In your post about bees and honey, you indicated that the content is a product sold to advertisers in exchange for the belief that it will deliver a certain number of impressions of a desired demographic. With internet deliver, you can micro target demographics and interests in a way that you can't with program content alone. At this point, people have not figured out how to do this and make money at it, but it seems hard to believe someone won't.
Part of what I don't get is why someone somewhere couldn't figure out that instead of offering me $0.29 per month AMC that I don't watch because of the commercials, they could save $0.09 and let me have $0.20 per month Fox Soccer instead. Advertisers would be happier, they would get actual impressions, I would be happier, I could save $6 and get a lower package.
Lord forbid they let me swap Lifetime (at $0.35 per month) for Fox Soccer... I could save $16. We don't watch Lifetime either. Heck, aside from the sports additions, I could drop two tiers and save the money. So, does anyone believe DirecTV offers tiers for the good of the customer?
Oh, one more thing, I pay $18 per month for additional receivers and $23 for HD, DVR and Whole Home. That's what, about a third of my cost. That alone would cover a significant portion of my broadband fees, or other content delivery models.

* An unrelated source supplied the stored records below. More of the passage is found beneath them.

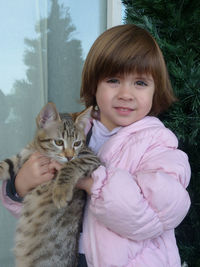 The little cute girl holds the kitten tenderly in her arms 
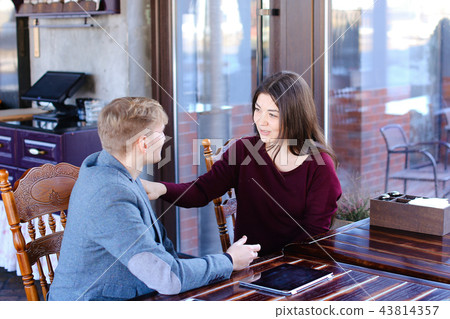 Couple sitting near table with smartphone and laptop, girlfriend Couple sitting near table with smartphone and laptop, girlfriend 43814357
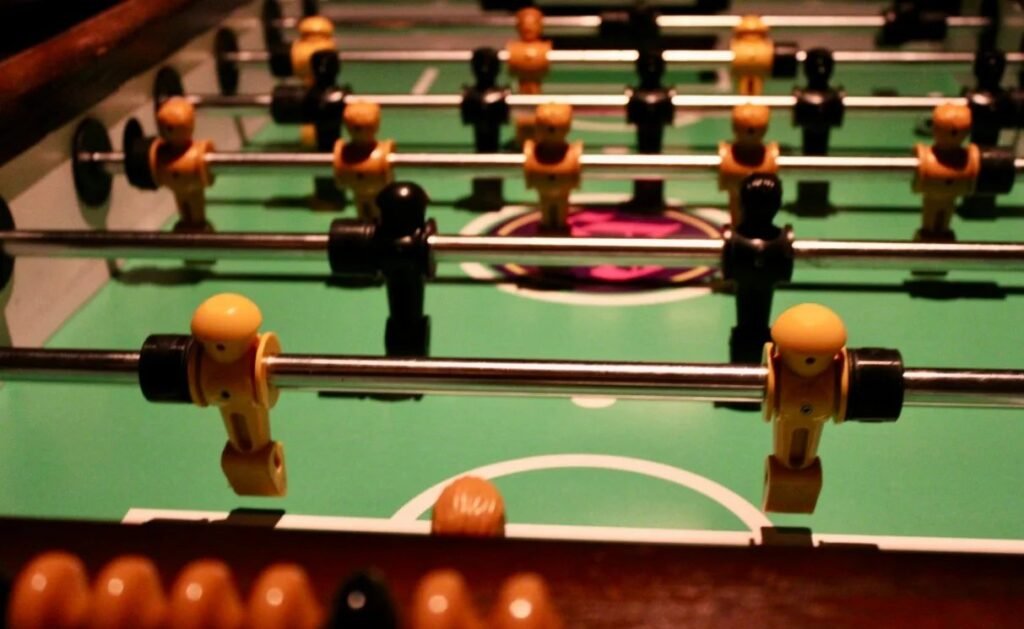 Polished wooden foosball table in bright modern game room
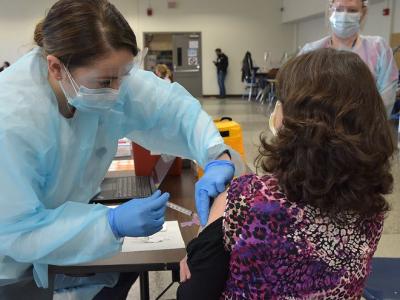 Woman getting COVID vaccine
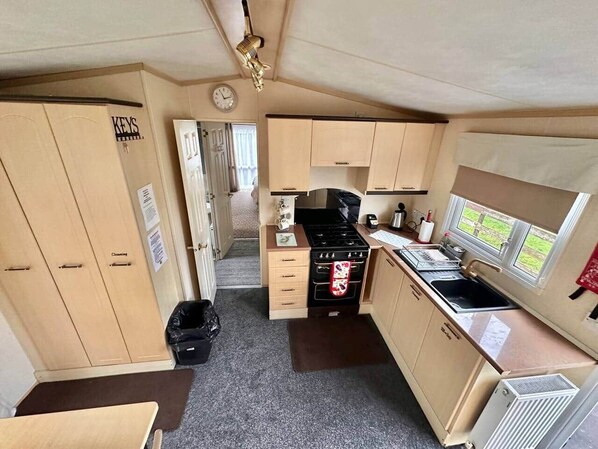 Fridge, microwave, oven, stovetop - 2 Bedroom BK Static Caravan in Uddingston, Glasgow (Uddingston)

Last year, they said the average cable bill was $86 (http://www.huffingtonpost.com/2012/04/11/cable-bill-200-dollars-2020-study_n_1418779.html). There are about 100 million households paying that every month. That is about $100 billion, expected to grow significantly in the next few years. Currently, there are about 5 million cord cutters, which is a $5 billion business (IBM jumped into the PC business when it hit $1 billion in 1980). Cord cutters, and potential cord cutters (like me) are putting that money into play for someone to figure this out. Advertisers will follow people on this.
Part of the challenge is understanding that AMC is only $0.29 because millions of people subscribe to it. Fox Soccer is only $0.20 because millions of people subscribe to it. Take away the millions of subscribers and the money the channels get goes away.
Advertising is sold by ratings ... the people who actually tune in and watch a show ... but it is also sold by the the number of households the channel reaches. AMC being in more households allows them to charge more for their advertising ... and the higher rated shows on AMC would get more because of actual ratings. But being in millions of homes ... even millions of homes that never regularly watch helps the channel with advertising as well as collecting subscription fees from millions of subscribing non-viewers.
With the support of those millions of subscribers they can afford to have limited distribution via the Internet. The certainly can afford to have paid distribution (similar to selling DVDs of their programming). But as the Internet distribution cuts into their linear subscribers they will need to raise their rates to compensate. One will find less free content ... more online advertising tied to content and higher prices.
At the end of the day they need the millions of dollars that the tens of millions of linear subscribers (across all providers) are bringing them. If they don't get the money via linear subscribers they will get it somewhere.
I'd just rather see that pile of money get us MORE content by working together instead of less content for more money ... which is the eventual result of a la carte.